Last year, I ran cell cams continuously from January to December. I learned a lot about scouting because I used them to confirm what I found when I put boots on the ground. Now I know what "good" sign is and, more importantly, what good sign isn't. I don't want to continue to use as many or in the same way because I'm trying to hone my scouting skills even more (and cut some costs). Not knocking anyone for using them, I'm just worried that if I continue to use them like I did last year, I'll end up always buying more cameras and eventually using them as a crutch. This year, I think I'm only going to run one camera and that is simply to get inventory on a small urban property a couple hours away that I may or may not get to even hunt this year. Either way, getting the notification that there is a new photo is just another poke in the side that hunting season is coming and to prepare accordingly!
 
I will add that there is one thing I want a cellular camera for someday. Eventually I want to purchase a small property that I can set up for duck hunting. When I finally realize that dream, I'm hanging a cell cam overlooking the pond to send me a picture every hour or so. That way I can monitor when and what parts of the pond they're using most, and ideally make better habitat management decisions.
 
Let them soak.for most of year.
collect the pics snd compare weather and wind conditions. Find out what food was around at that time of year then try to matchup hunts with known same Food availability and weather conditions the next year.

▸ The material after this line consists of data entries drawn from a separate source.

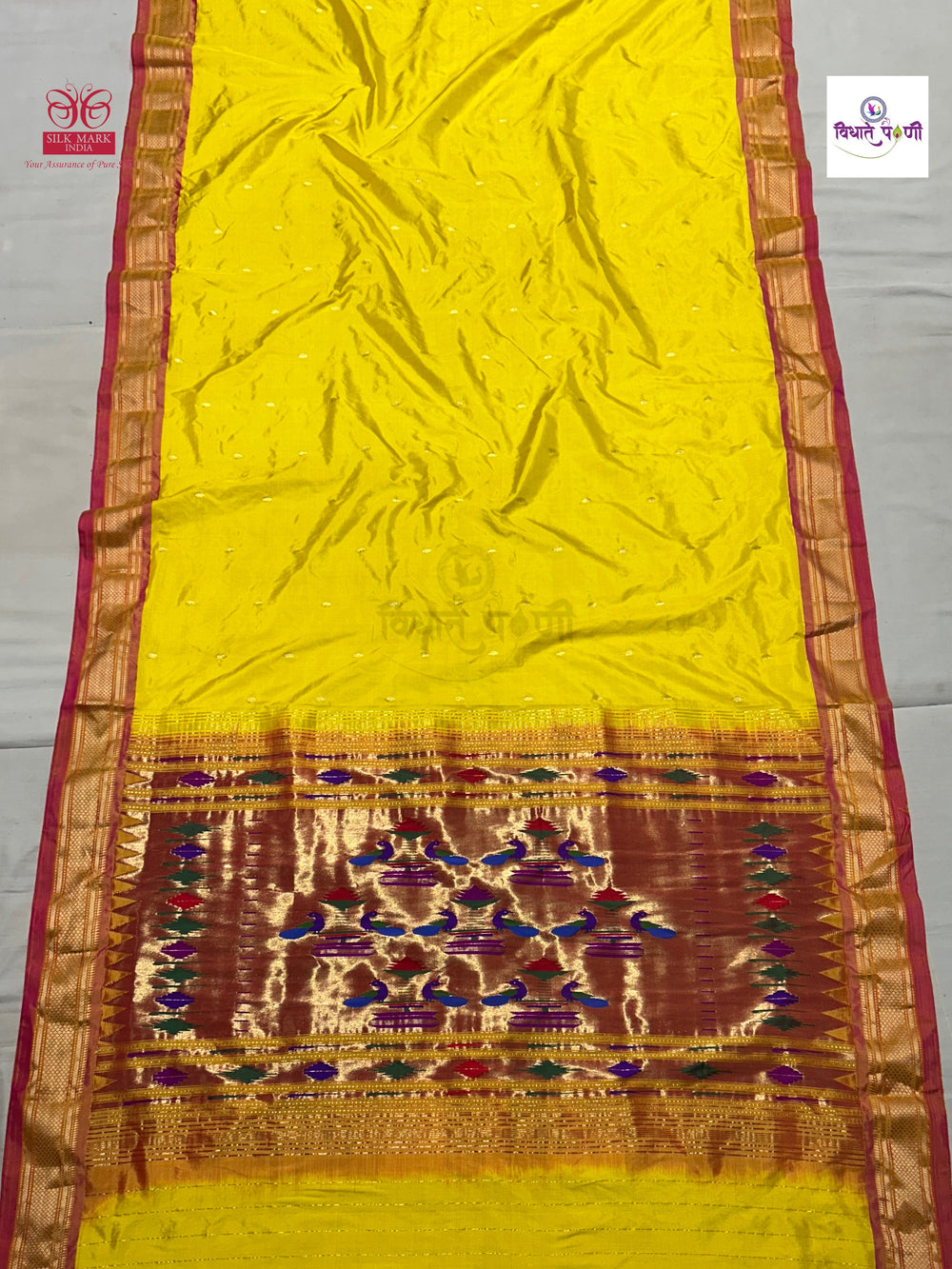 Handloom Pure Silk Double Pallu Paithani Saree - Lemon Yellow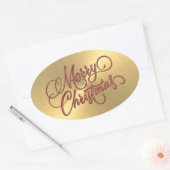 Vrolijk kerstrood Sticker in reliëf (Envelop)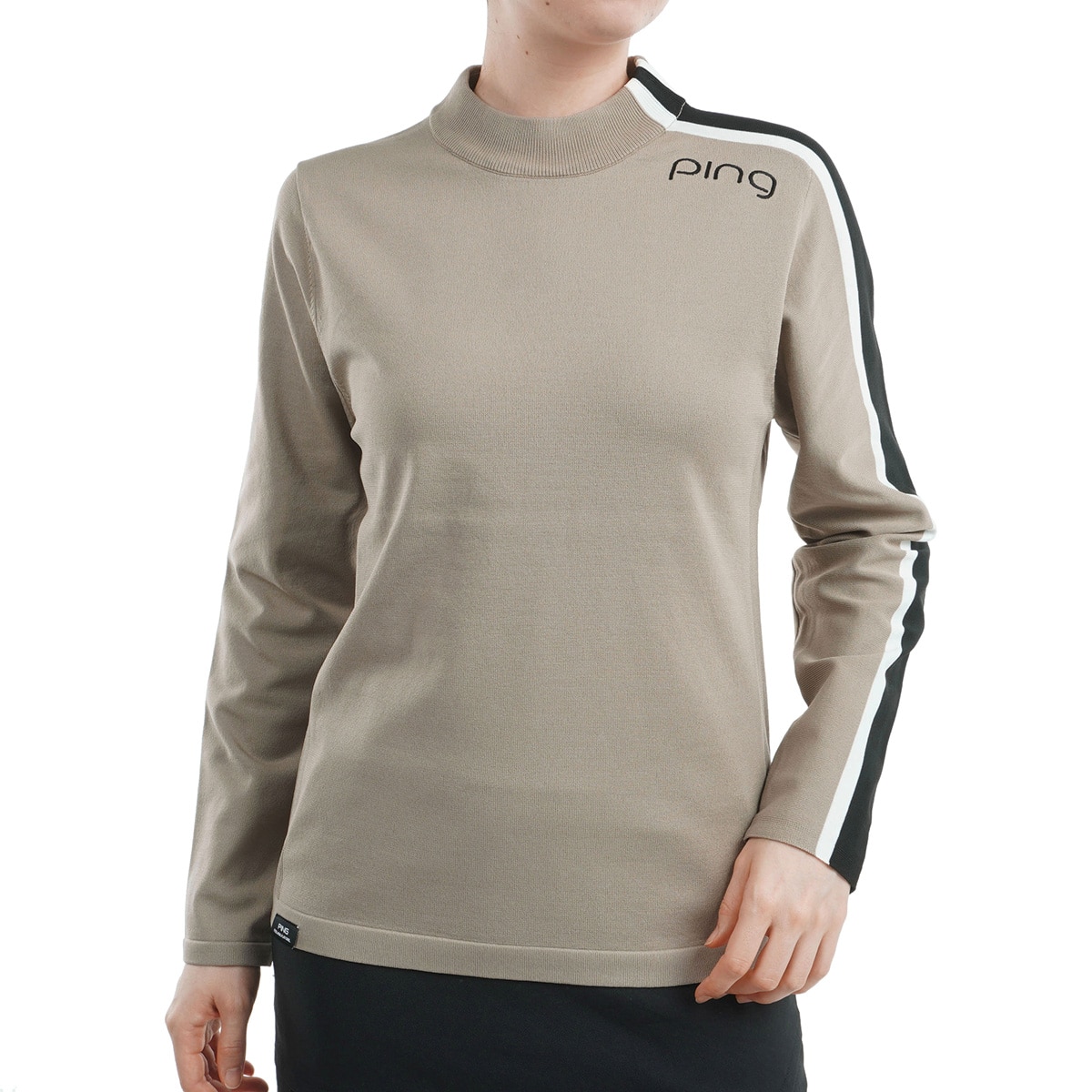 セール・アウトレット】アシンメトリー ハイネック長袖セーター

it works pretty well. Wont kill the deer for ya but usually will get you close. Me and a buddy have countless hours logged in referencing pics to conditions and making plans.

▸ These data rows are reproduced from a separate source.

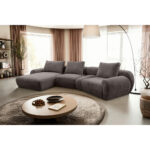 HOEKSTOELENSET, donkergrijs chenille thumbnail 2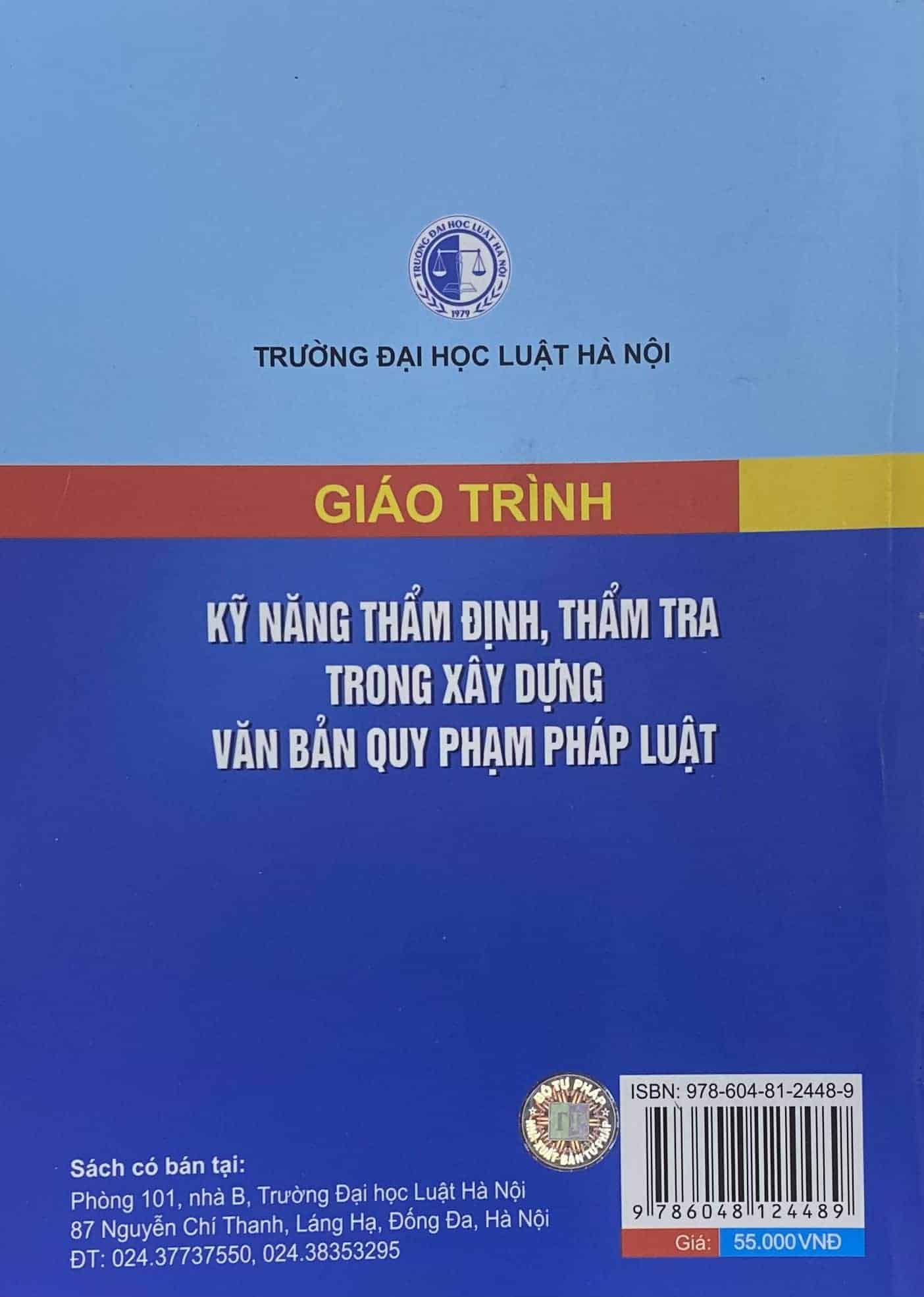 Giáo trình Kỹ năng thẩm định, thẩm tra trong xây dựng văn bản quy phạm pháp luật (HN)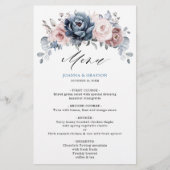 Dusty Blue Mauve Rose ardoise Floral Mariage Menu (Devant)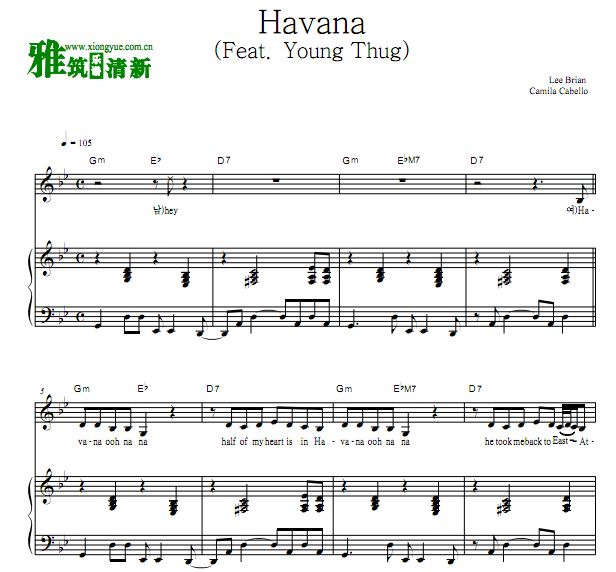 Camila Cabello - Havana (Feat. Young Thug) 钢琴谱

if you look historically it will almost repeat itself every year.
this will or should continue if there is no change in food, habitat or some sort of mass deer die off
Ehd, cwd, etc.
 
About the only time I run cams is on a new to me parcel, say one I just gained access to, to confirm what I’m thinking after looking at weather history and topo maps; after that I’ll pull them. Another situation would be if there’s construction adjacent to a parcel and I want to see if travel corridors have been effected. Also would be if there has been activity on a parcel I hunt to see if patterns and travel have been altered such as the farmer moving fencing around on the farm I hunt or moving his feeders around which he did last season and I wasn’t aware. Other than that I don’t usually run cams.

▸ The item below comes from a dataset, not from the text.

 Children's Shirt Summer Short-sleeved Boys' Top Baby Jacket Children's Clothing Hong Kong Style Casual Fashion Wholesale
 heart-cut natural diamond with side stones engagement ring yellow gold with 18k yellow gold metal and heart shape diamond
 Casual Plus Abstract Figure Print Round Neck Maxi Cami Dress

*Edit: I do run cams year round but thats on a farm for predator control, and that’s more for population surveying and so the rancher can pull the cards to monitor travel and stuff so I can adjust strategies accordingly.
 
Let them soak.for most of year.
collect the pics snd compare weather and wind conditions. Find out what food was around at that time of year then try to matchup hunts with known same Food availability and weather conditions the next year.
it works pretty well. Wont kill the deer for ya but usually will get you close. Me and a buddy have countless hours logged in referencing pics to conditions and making plans.
if you look historically it will almost repeat itself every year.
this will or should continue if there is no change in food, habitat or some sort of mass deer die off
Ehd, cwd, etc.
Great concept. Where do you get your wind and weather history data from? What’s your process for lining it up with the imagers your camera captured?